- Provided data -
######

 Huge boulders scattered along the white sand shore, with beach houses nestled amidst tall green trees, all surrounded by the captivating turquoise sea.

######

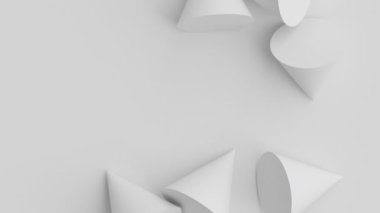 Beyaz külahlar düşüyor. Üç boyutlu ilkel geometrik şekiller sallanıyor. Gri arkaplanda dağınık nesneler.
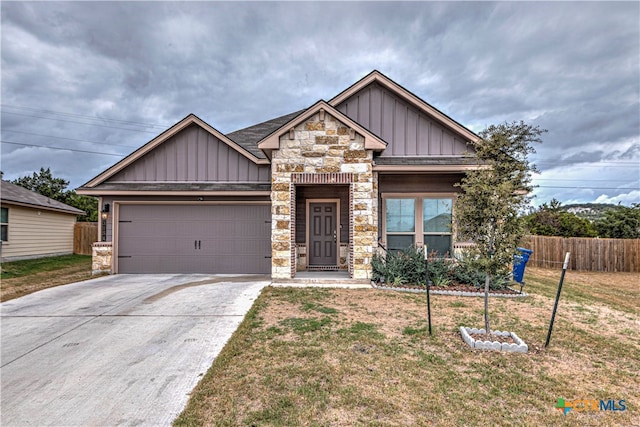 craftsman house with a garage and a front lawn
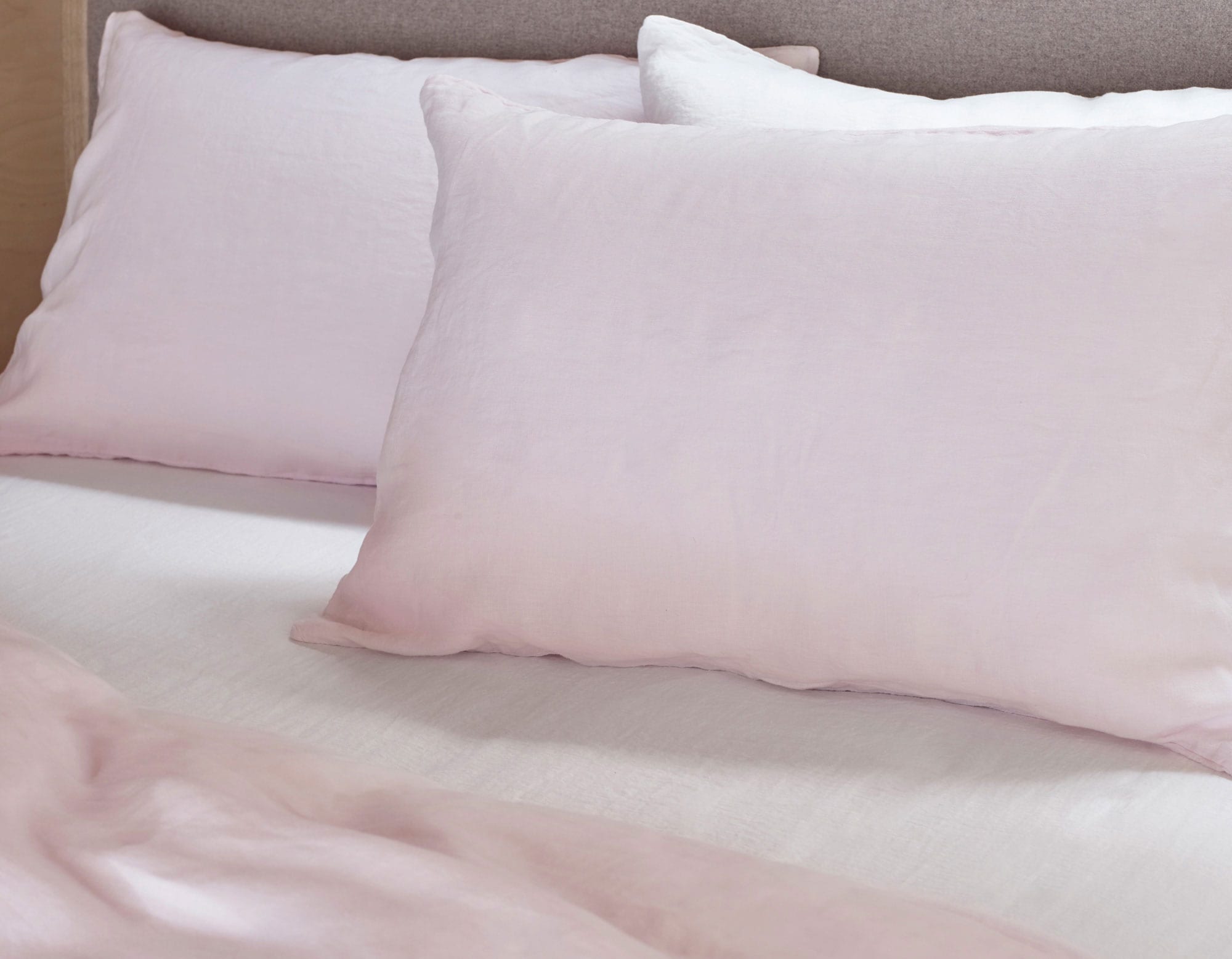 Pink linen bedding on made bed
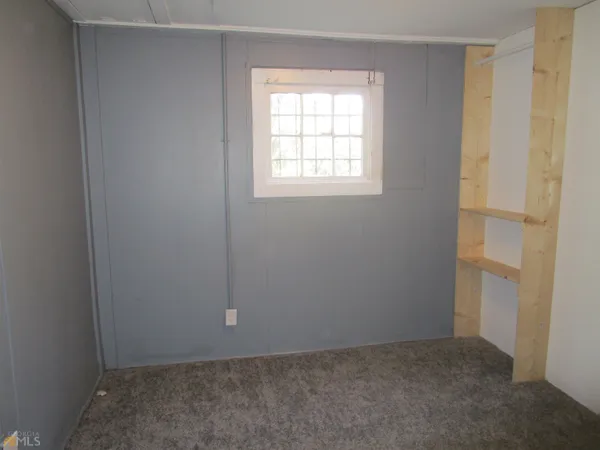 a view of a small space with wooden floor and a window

######

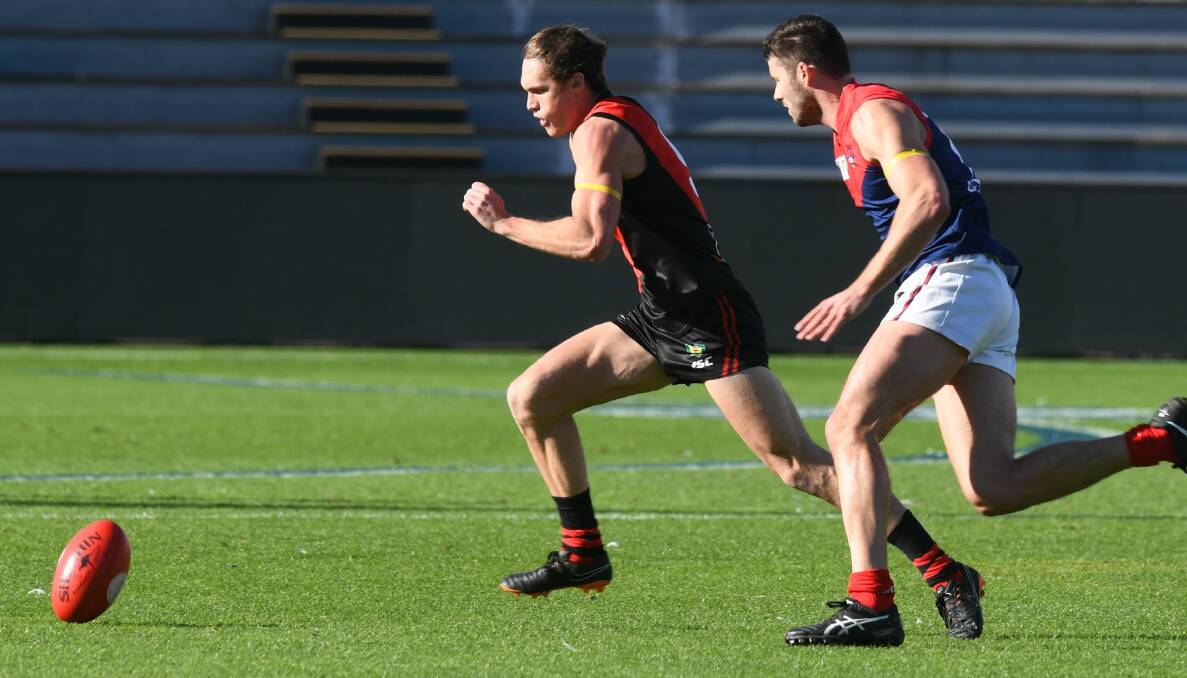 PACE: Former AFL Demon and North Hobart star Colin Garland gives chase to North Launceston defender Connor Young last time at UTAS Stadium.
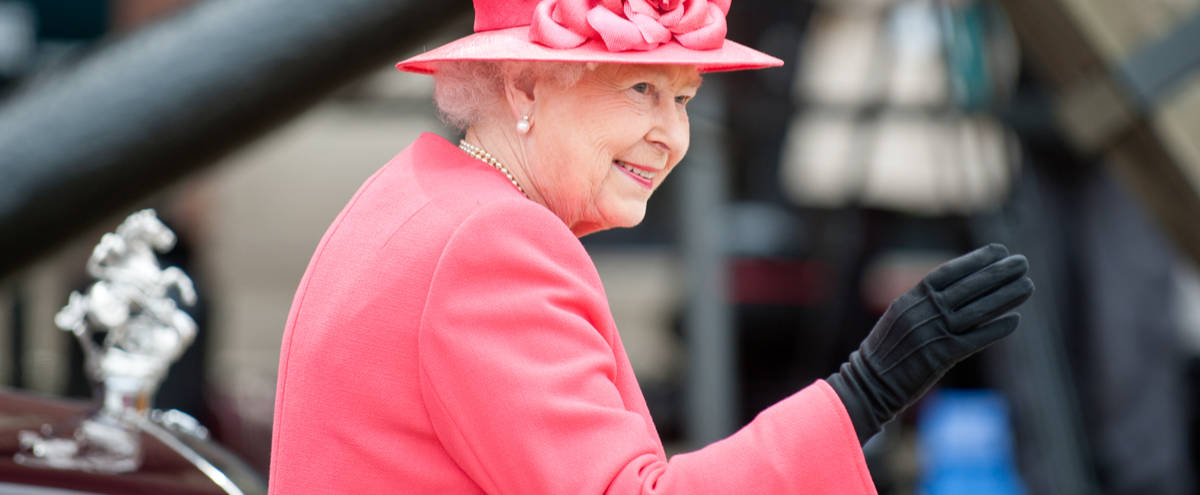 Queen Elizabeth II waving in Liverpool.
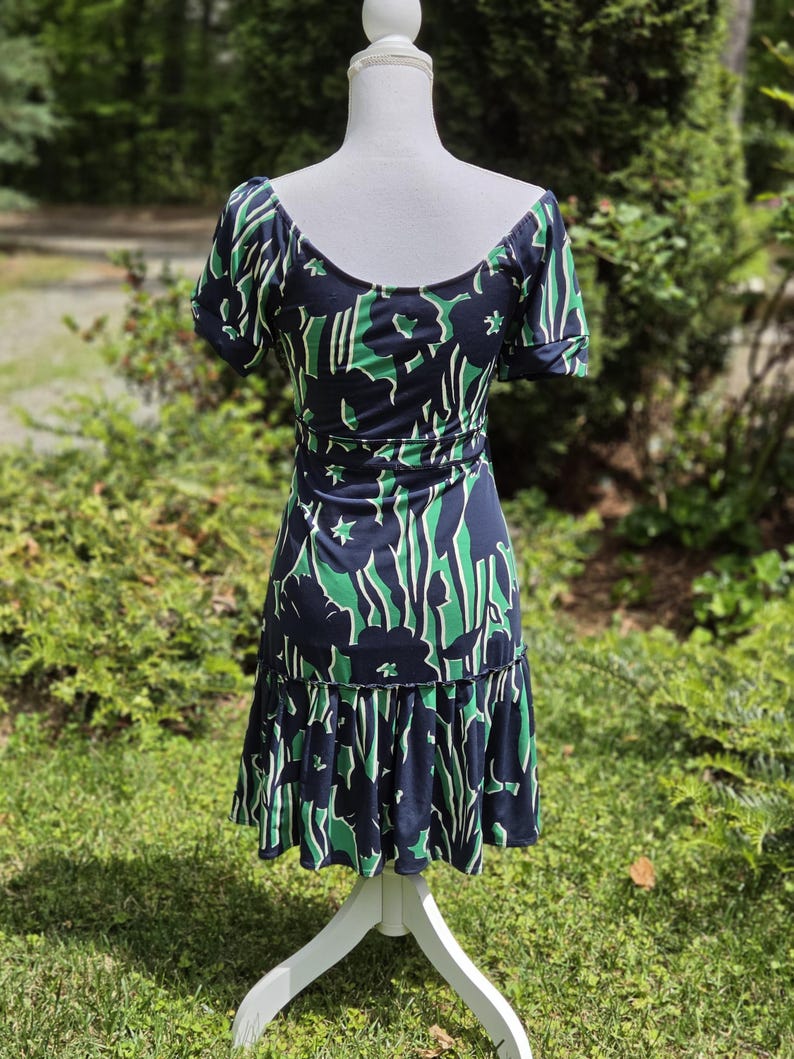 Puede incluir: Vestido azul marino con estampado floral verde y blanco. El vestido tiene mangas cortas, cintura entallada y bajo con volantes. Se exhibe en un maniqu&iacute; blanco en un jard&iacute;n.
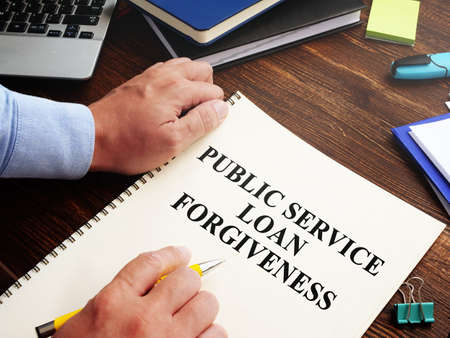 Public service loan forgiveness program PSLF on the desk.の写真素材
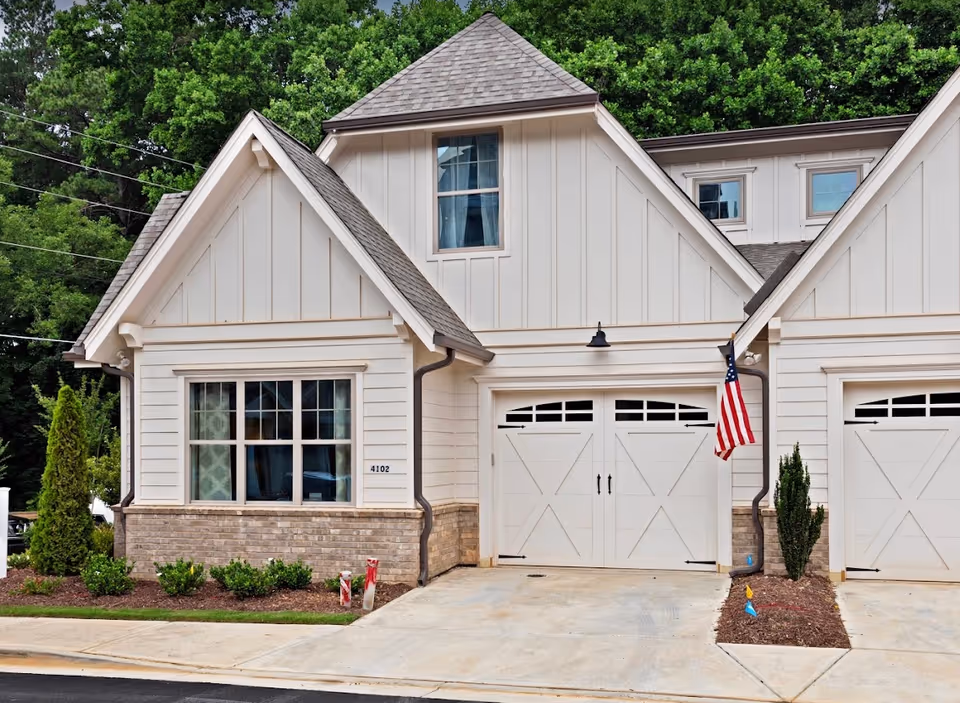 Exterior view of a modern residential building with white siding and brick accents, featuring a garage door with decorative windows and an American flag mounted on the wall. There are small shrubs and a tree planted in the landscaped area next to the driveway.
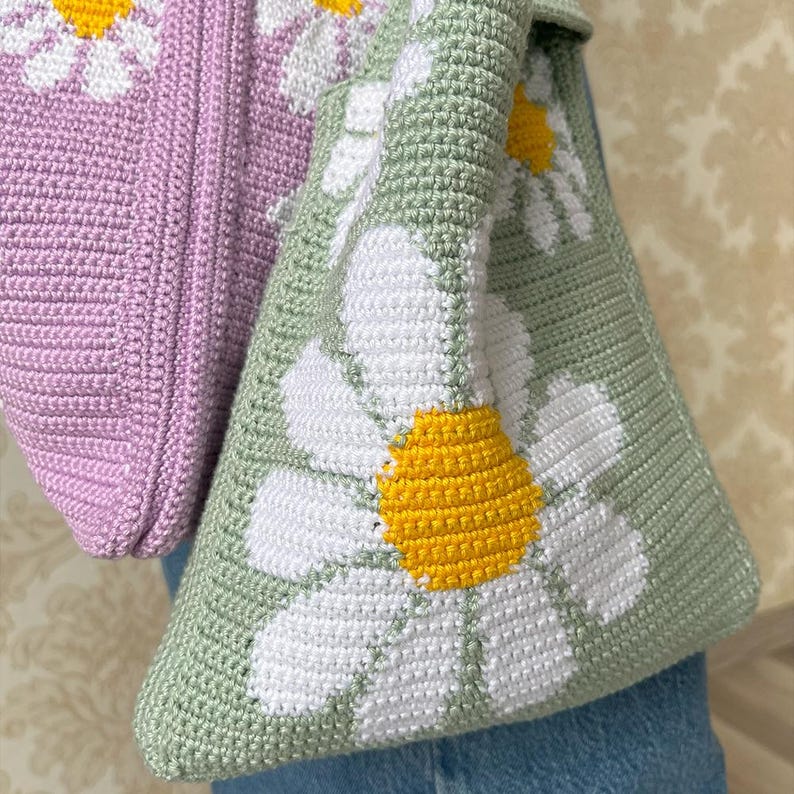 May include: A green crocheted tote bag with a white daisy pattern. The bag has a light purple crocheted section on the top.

######

- Goal of the exercise -
Using the data above, transcribe exactly the lines between those containing "Exterior view of" and "May include: A", inclusive, and leave every picture behind.

- Exercise solution -
 Exterior view of a modern residential building with white siding and brick accents, featuring a garage door with decorative windows and an American flag mounted on the wall. There are small shrubs and a tree planted in the landscaped area next to the driveway.
 May include: A green crocheted tote bag with a white daisy pattern. The bag has a light purple crocheted section on the top.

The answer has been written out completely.